Rather than the Civil War, let's talk about the Reconstruction Era.
Willie Cauley-Stein, Kentucky
Cauley-Stein missed Kentucky's final three games last season thanks to an ankle injury that eventually required surgery. He isn't playing in Kentucky's current Bahamas Tour, but he hopes to be back for the start of the season.
Though he might be the most talented player on this entire list, the Wildcats have so much depth in the frontcourt that they'll be ranked No. 1 in the preseason with or without him.
DaJuan Coleman, Syracuse
If Coleman plays, it's a huge plus for Jim Boeheim and Syracuse. However, he only gets an honorable mention because it's the biggest "If" on the list.
In January, Coleman had surgery on his left knee for the second time in as many seasons. We'll give the benefit of the doubt after one surgery, but two is when we start to wonder if the player will ever be physically or mentally at 100 percent again.
Anthony Collins, South Florida
Collins had an inflamed bursa sac surgically removed from his left knee last summer.
He missed the first two games of the 2013-14 season but played in the next eight before tendinitis in the same knee eventually caused him to sit out the rest of the year.
Opposite of Kentucky's situation with Cauley-Stein, South Florida isn't going anywhere this season with or without Collins.
Kyle Collinsworth, BYU
Collinsworth had surgery for a torn ACL in mid-March. His goal is to be ready for the start of the season, but eight months to recover from a serious knee injury doesn't seem like quite enough.
If he does play, his 14.0 PPG, 8.1 RPG, 4.6 APG and 1.7 SPG from last season will be very much welcomed into a rotation that lost a number of key players due to transfer or LDS missions.
Kris Dunn, Providence
Dunn was one of the top incoming point guards in the entire country before the 2012-13 season, but multiple injuries to his right shoulder have kept him from ever truly getting the chance to shine.
He managed to appear in just four games last season.
Dunn should be back as the starting point guard for a team looking to remain competitive after losing two key seniors in Bryce Cotton and Kadeem Batts.
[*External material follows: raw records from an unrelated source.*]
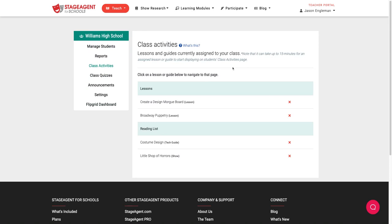If you'd like to remove an item from the class activities page, simply click the X next to that item.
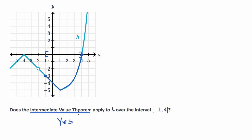The intermediate value theorem does apply, and since it does apply, by the intermediate value theorem — because we are continuous over this closed interval — h of x will take on every value between h of negative one and h of four, including those values. H of negative one, eyeballing it, looks like it's negative three, and h of four looks like it's zero, so we know by the intermediate value theorem that we take on every value between negative three and zero, and you can even see that right over here.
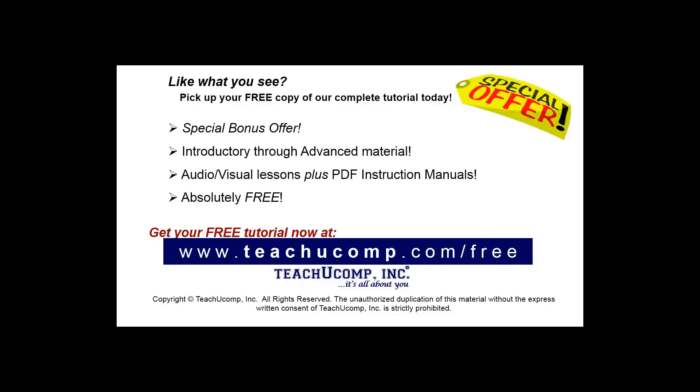Like what you see? Pick up your free copy of the complete tutorial at www.teachucomp.com/free.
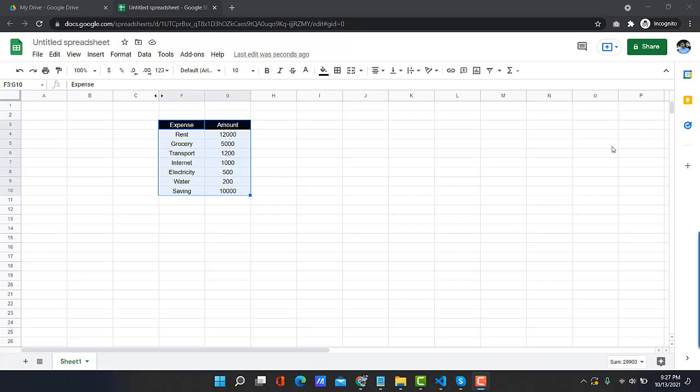So here is the solution. Here we can see tabular data which is showing the expense and amount in table format.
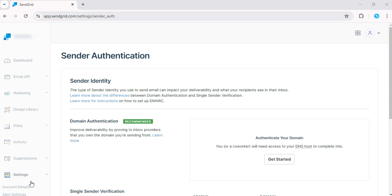If you'd like your free trial of SendGrid, don't forget to hit that link in the description. I'll see you in the next one.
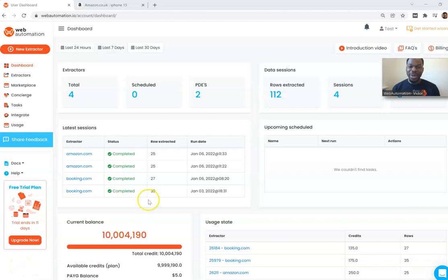Hi, welcome to Web Automation. My name is Victor and today I'm going to show you how to set up your first extractor on Web Automation using the Get Started Wizard.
Kethan Savage, George Washington
Savage was one of George Washington's most important players before a foot fracture derailed his season. And with Isaiah Armwood and Maurice Creek graduating this summer, there's no question he'll be expected to be the team's leader for the 2014-15 campaign.
Kenyatta Smith, Harvard
Smith missed the first 17 games of last season with a foot injury. He played for two minutes against Dartmouth before breaking a bone in the same foot and missing the rest of the season.
As a result, Harvard didn't really have a true center last season, but the Crimson got along just fine without him, winning 27 games.
Isaiah Zierden, Creighton
Before dislocating his right kneecap and missing the final seven games of the season, Zierden was just a minor role player for the Bluejays.
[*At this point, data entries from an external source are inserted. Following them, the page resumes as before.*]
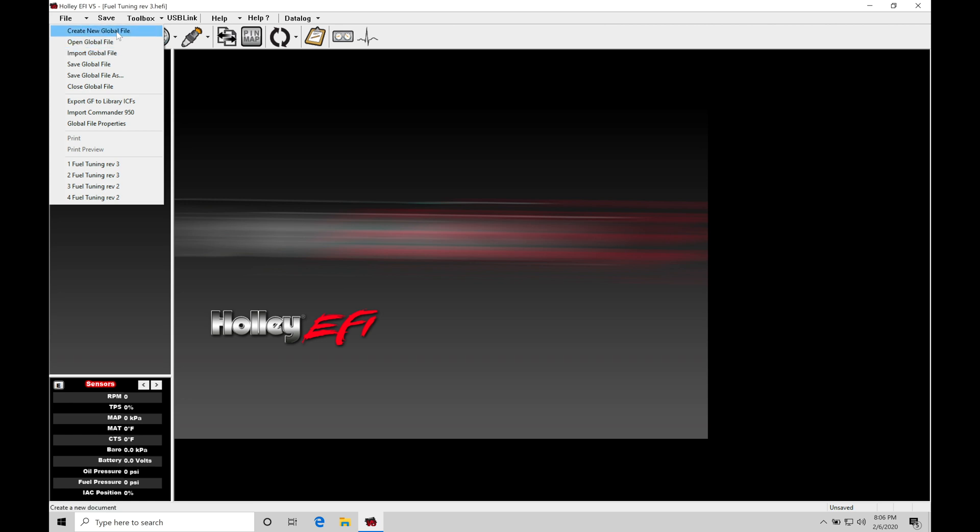Now the create new global file is going to allow us to actually create a whole new file configuration file or calibration file to upload to our HP or Dominator. Now right now I have something uploaded that was one of the defaults from Holley. If we don't want to use one of those base calibration or the custom calibration files in that Holley directory, we can create a new global file. Let's take a look at how to do that.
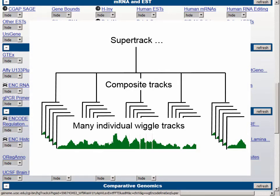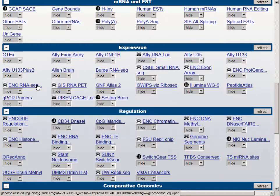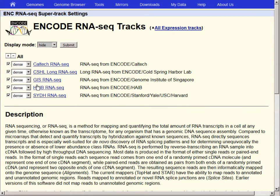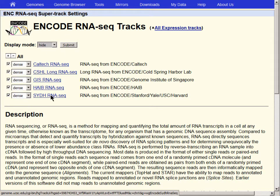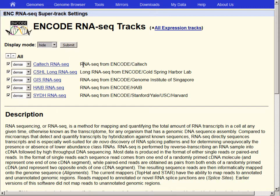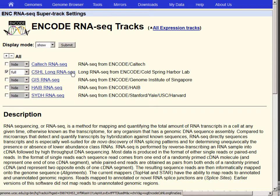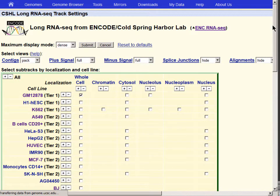This type of track has three levels of control: at the top, it's a super track; in the middle are composite tracks which consist of multiple individual data tracks. Let's click into the link and go to the configuration page, where you'll see the track is set to hide but there are five different composite tracks within this super track. We'll turn all of them off except we'll turn the Cold Spring Harbor Lab long RNA-seq track back on to full. The display mode of the super track switches to show when we change the long RNA track to full. Let's click into this composite track and see all of the individual tracks that make it up.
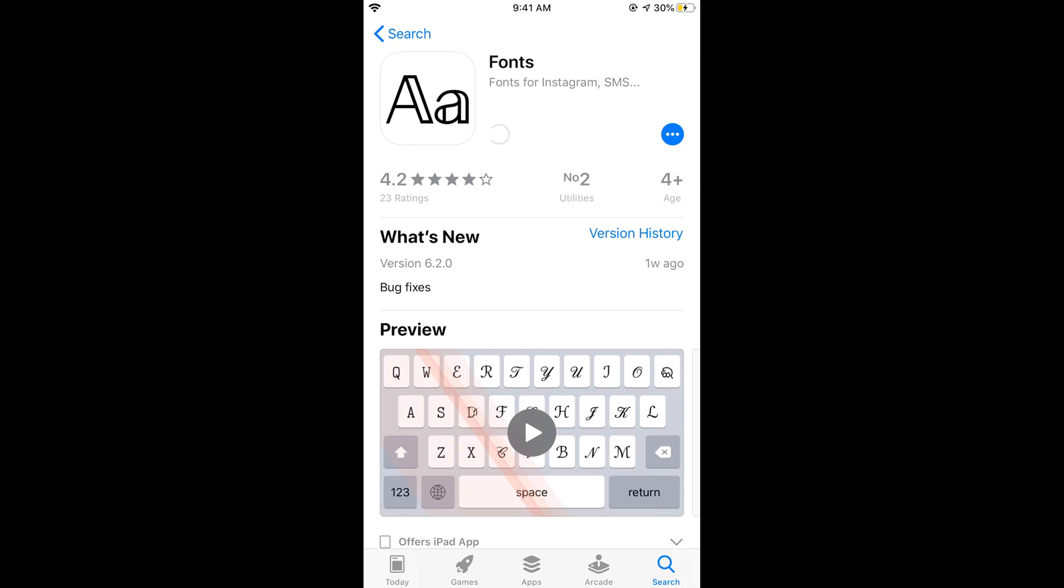So here just go and tap on get. Once you tap on get, it will start downloading the app and it will take a bit of time.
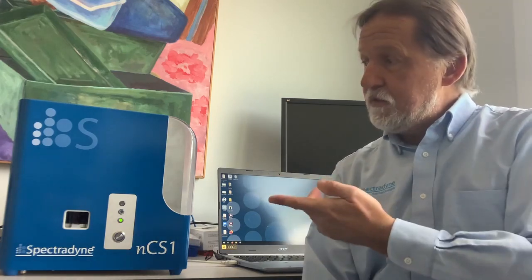Good day, my name is Lou Brown, I'm with Spectradyne, and today I would like to give you a brief demonstration on how our NCS-1 nanoparticle analyzer works.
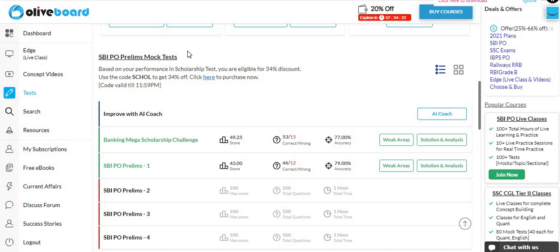So, yesterday I was on the Banking Mega Mock Challenge which I was live in Ollywood, which I attempted. Many people had attempted. So, let's see what my score is.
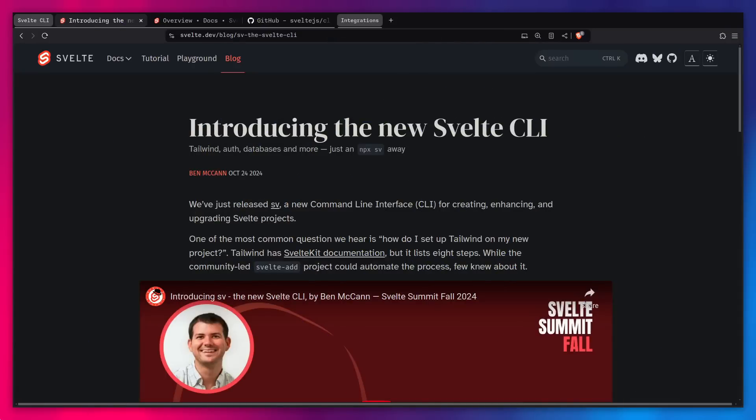Yo friends, what's up? Do you need a quick way to set up things like Tailwind, internationalization, authentication, and so on? Then the Svelte CLI is for you.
He averaged 10.9 minutes per game and didn't exactly do a ton with those minutes.
But with four starters graduating this summer, Zierden should play a much bigger role in his sophomore season, provided that an underwater treadmill gets him healthy enough to play.
10. Michael Cobbins, Oklahoma State
Injury: Torn Achilles
Games played in 2013-14: 13
Before losing Michael Cobbins for the season, things were going quite swimmingly for the Cowboys. They were 12-1 and ranked No. 6 in the country.
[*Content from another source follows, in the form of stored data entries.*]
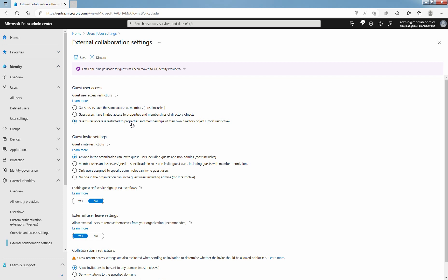You have to configure guest user access restrictions as per your organization's requirement. Since this is a lab guide, I am selecting most restrictive user access permission level in Microsoft Entra ID.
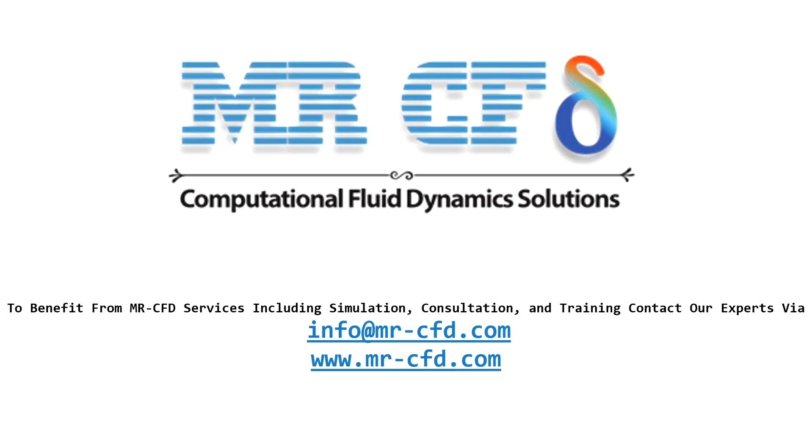To benefit from MR-CFD services including simulation, consultation, and training, contact our experts via info@mr-cfd.com. Hope you enjoy. Thank you.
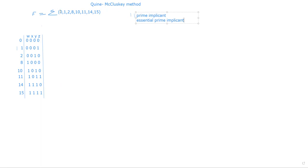Now we are going to write in tabular form the given minterms and their binary values. We write the variables — we can take W, X, Y, Z or A, B, C, D. Let us consider W, X, Y, Z. For minterm 0, we write the respective binary value; for 1, 2, 8, 10, 11, 14, and 15, we write their binary equivalents. The first step in the tabulation method is to write the given minterms and then write the respective binary values.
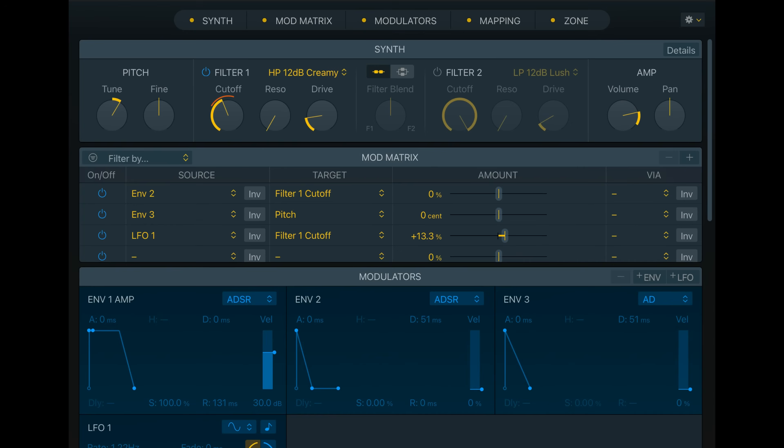If you like this video so far, hit the like button. Here's the next sampler, and this is actually a classic one. The ESX-24 doesn't exist in Logic Pro 11 — the Sampler has taken its place, and it looks like this.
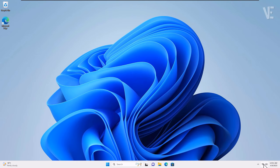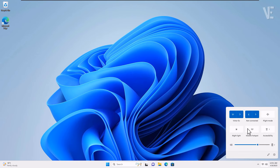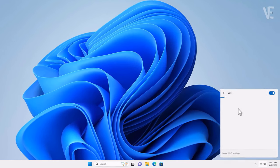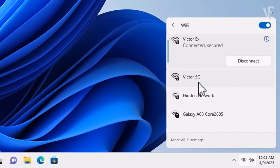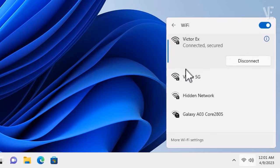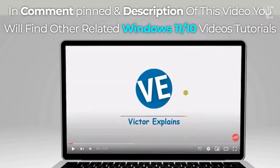Hi everyone, welcome to our channel. In today's video, we're covering how to fix 5 GHz Wi-Fi networks not showing up in Windows 11 and 10.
After his injury, things fell apart in a hurry. They lost the very next game to Kansas State. Stevie Clark was dismissed from the team. Marcus Smart's frustration publicly boiled over several times.
In a span of two months, Oklahoma State went from "Contender for national championship" to "Might miss the tournament."
Oklahoma State's prospects for the 2014-15 season are much closer to the latter than the former, but might the return of Cobbins be enough to get the Cowboys back to the Big Dance for a third straight year?
With Brian Williams and Kamari Murphy both electing to transfer this summer, they need Cobbins more than ever.
Cobbins only averaged 4.5 points and 4.3 rebounds per game last season, but his defensive presence in the paint will be crucial to Oklahoma State's success.
9. Daniel Dingle, Temple
Injury: Torn meniscus
Games played in 2013-14: 10
Temple had a dreadful 2013-14 season, finishing with a 9-22 record.
Before losing Dingle, though, the Owls were at least moderately respectable. They were 5-5 with wins over Georgia and Saint Joseph's. Four of the losses were decided by six or fewer points, including a one-point loss in overtime to Texas.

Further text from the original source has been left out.